I write software I use myself - sort-of, if you can call an Asset Manager written in VBA (using forms and validation code, accessing Excel data) for our department 'software' - and at this point, I'm the only one using it. And constantly debugging it (I'm not a very good programmer :-/ ) ... it is close to the multi-user phase, now. When you write software for others, the testing is going to be hampered by 'your way of doing things'. However, if you actually use the software yourself, a lot of that problem diminishes with *time*.

This is the neat thing about Gambas - a GNU/Linux-based flavour of VB - the IDE is actually written in Gambas itself. And of course, it's open-source, so you can change the IDE to be what you need. And runs HEAPS cleaner than Excel 2000-2003 VBA.

'No discernible increase in piracy' from DRM-free e-books

robynsveil
Mushroom

Once again, we can vote with our dollars

I *choose* to shop for my tech books (programming, etc) at Oreilly Media because they are a drm-free publisher. Yes, it is more expensive. And they don't have the selection other publishers do. But it is worth it - freedom always comes at a cost. The only way those publishers will get the message that drm != customer-service is to vote with the dollar. Enough people do this, they'll get the message.

Microsoft: All RIGHT, you can have your Start button back

robynsveil
FAIL

Re: Sigh

IOW: "that'll teach ya to tie in some vendor's product as a cornerstone of your business."

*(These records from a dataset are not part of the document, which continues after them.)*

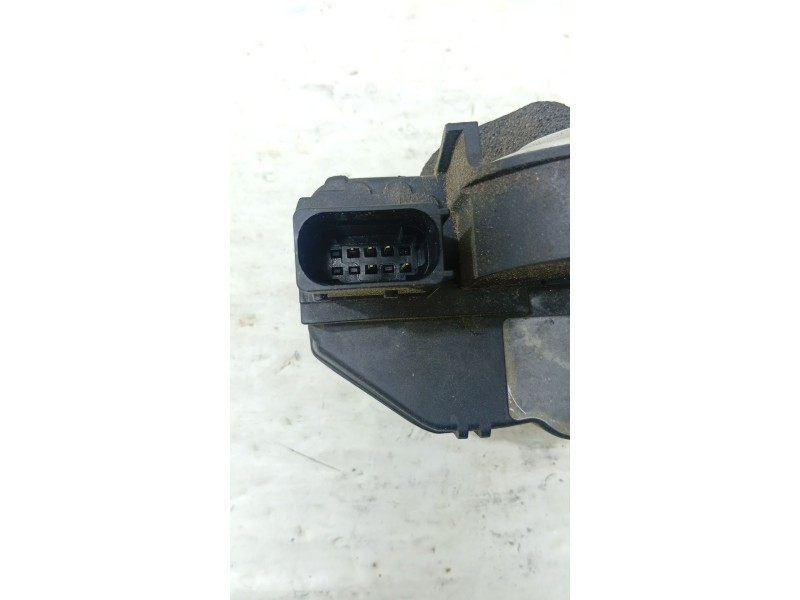 CERRADURA PUERTA TRASERA DERECHA 3023880RH1 / 13579566  - imagen 2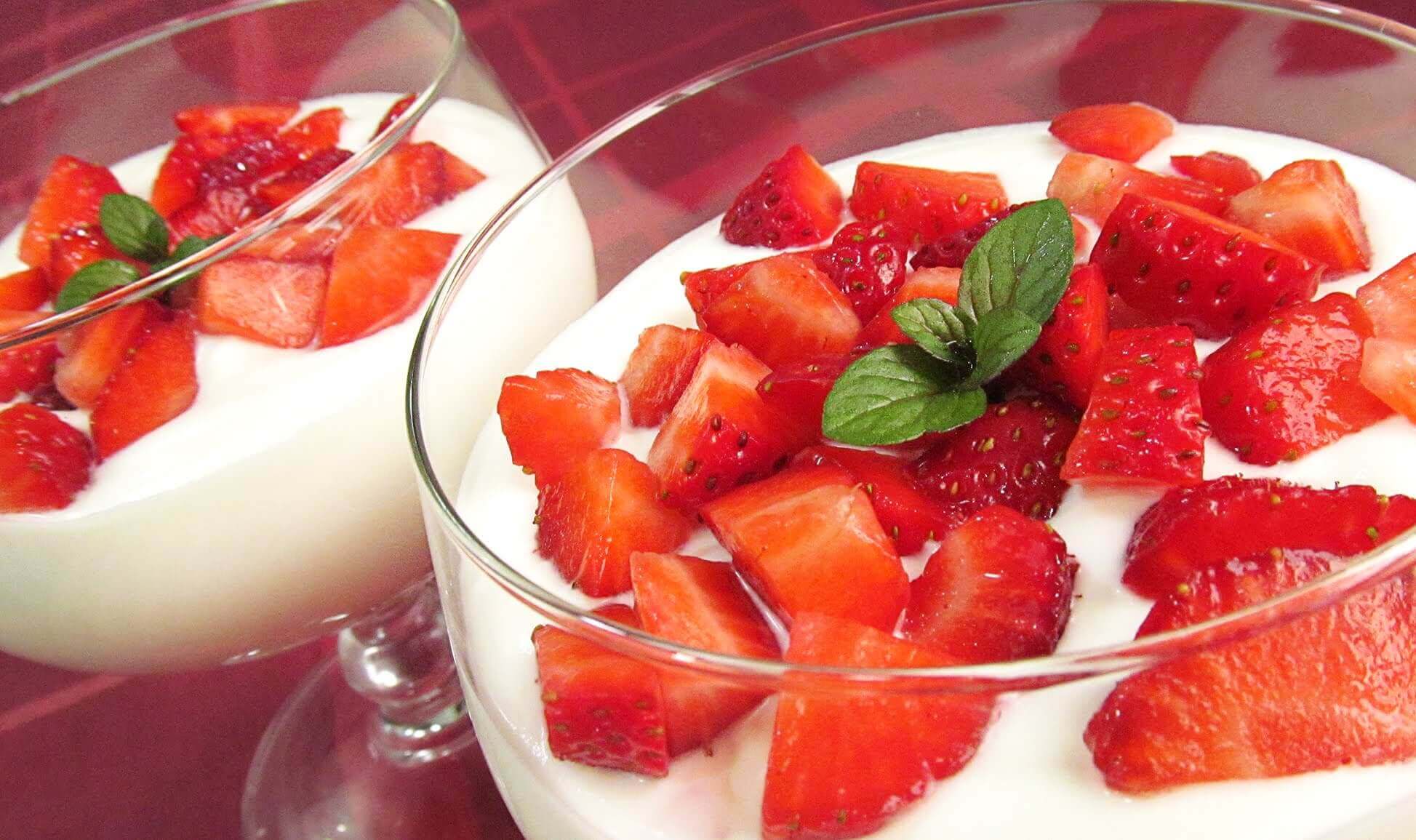 Jordbær med yoghurt er eksempel på morgenmad baseret på frugt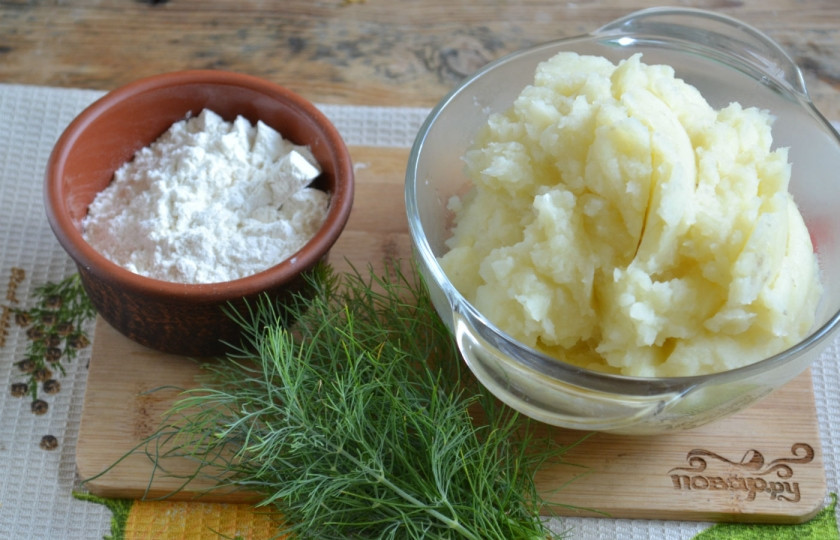 1. Этап. Картофельные крокеты: 1. Картофельное пюре хорошенько перетрите с яйцом, по необходимости добавьте соль. Можно также добавить немного мелко рубленной зелени.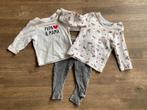 Setje 2 shirts met een broekje maat 50, Kinderen en Baby's, Ophalen of Verzenden, Gebruikt, Meisje, Setje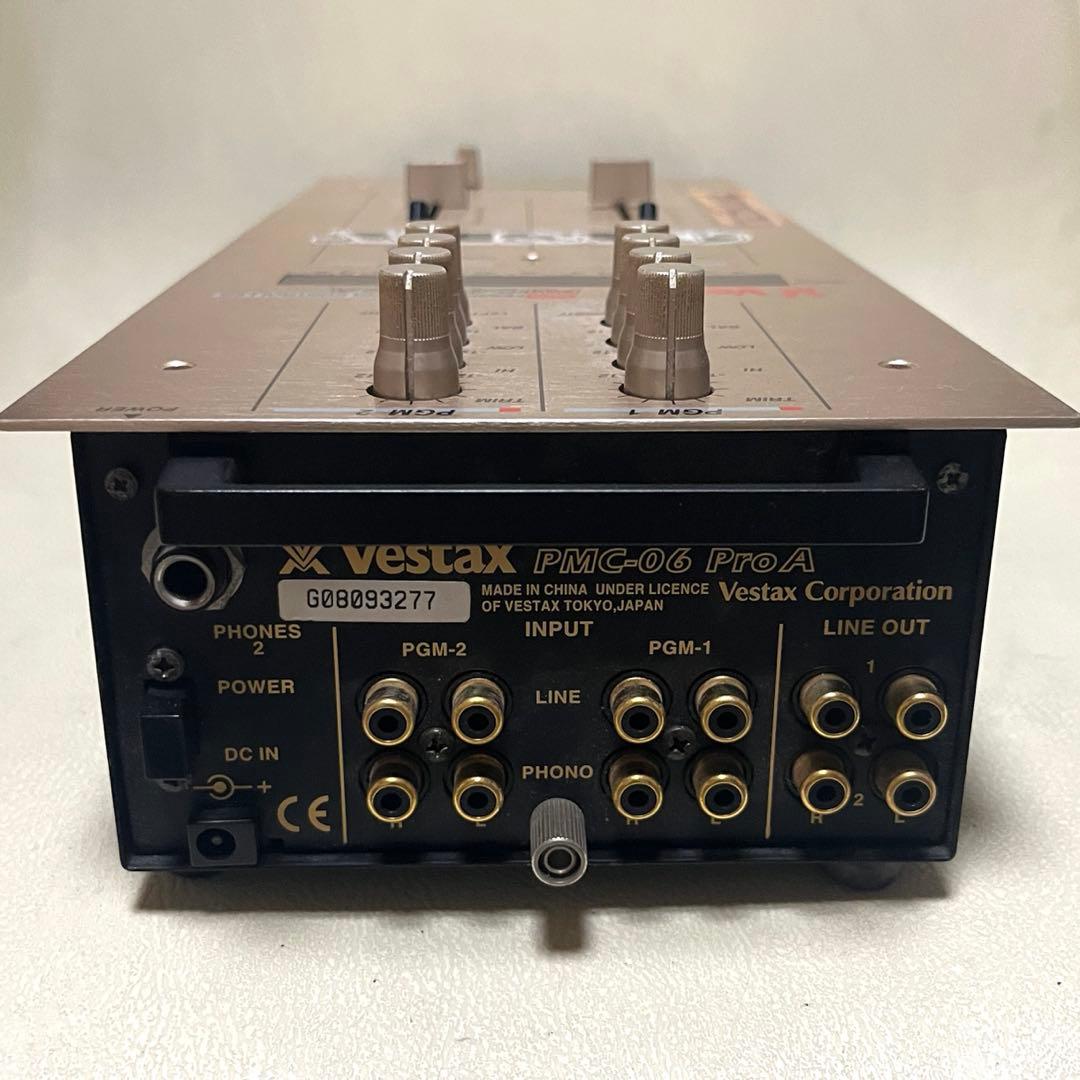 Vestax PMC-06 ProA Vestax DJ mixerミキサー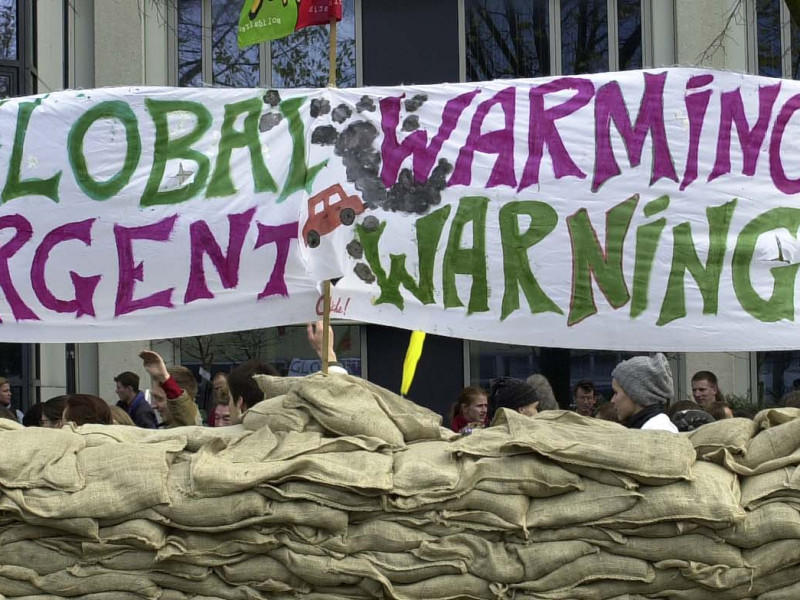 dyke_action4_Nov2000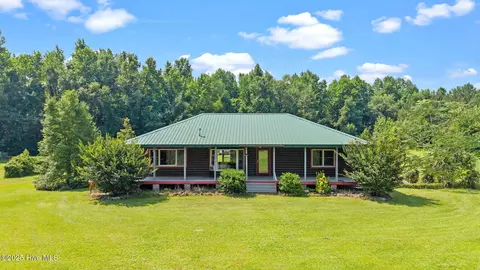7425 White Oak River Rd, Maysville, NC 28555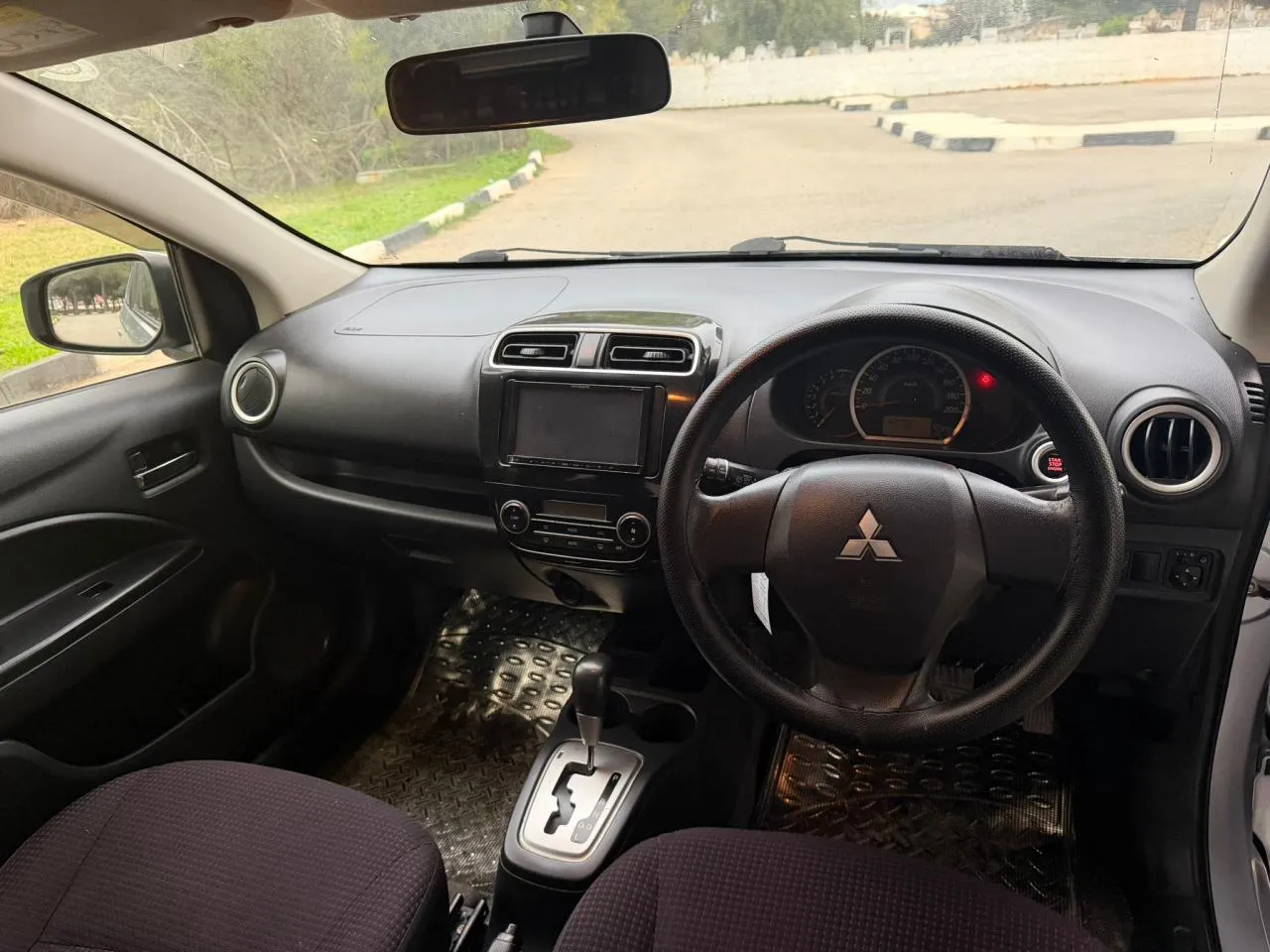 2013 Mitsubishi Mirage 1.0 Mivec Cvt Kıbrıs | KKTC İkinci El Satılık Araba - Thumbnail 8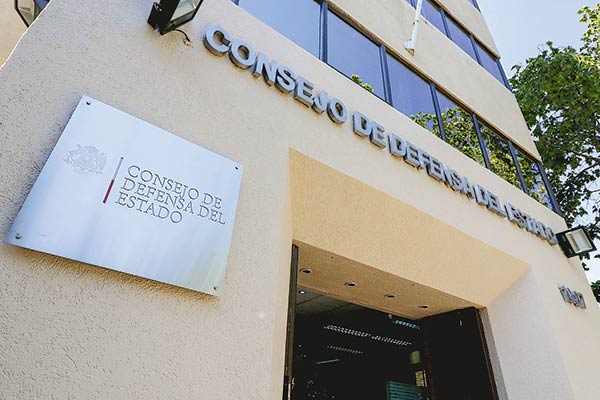 <p>CDE presenta querella por fraude al Fisco en caso seguros de Codelco</p>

This flagrant disregard and disrespect for business workflow is pandemic: I see the same thing in FOSS, unfortunately. Fortunately, however, there are more choices. Thank YOU MS for giving us the opportunity (by pulling off our OS-security-blanket and leaving us businesses in the cold) to actually seeing there *are* choices.

Ubuntu without the 'U': Booting the Big Four remixes

robynsveil
Happy

Looking forward to...

... the Raring Ringtail sortie of Mint. And a review on the same.

As CosmoGoblin pointed out: one really runs programs... the OS should just do its thing in the background like a butler, oozing in and out as needed, but never demanding of attention, and *certainly* never interrupting what the user is doing. (The way Windows 7 updates -possibly previous versions too?- were set up was beyond rude and annoying... if you're focused on what you're doing and happened to have "Auto-Update" on -default- and that "rebooting-in-10-minutes" notice doesn't get your attention, you will lose work. This has happened to me. And yes: this is the default setting.)

I still run Windows apps in VirtualBox/Win7 but they are the rare ones (like Photoshop CS3): most of what I need, Mint and the Software repos provide handily.

Got a Windows XP end-of-life plan? Neither does anyone else

robynsveil
WTF?

Re: My plan?

But that's *it*, isn't it? Aren't we *assuming* that all legacy machines running XP-specific hardware absolutely HAVE to get online??? Why do we assume that? And why can't a layered solution be applied here? I really think people aren't creative enough.

For example: me. I develop software for Excel 2003 (VBA) which I need to tweak and debug at home. (I know, don't take your work home with you. Whatever.) And at home, I run Linux Mint nadia. Simple solution: VirtualBox. Run Office 2000 in XPPro in VirtualBox... done and dusted. There's a lot more options available today than when these businesses first invested in their OS and hardware.

The big thing lacking isn't options: it's creativity.

Windows 7 'security' patch knocks out PCs, knackers antivirus tools

robynsveil
Happy

Re: Hard to do

Simple answer: VirtualBox. Free and easy.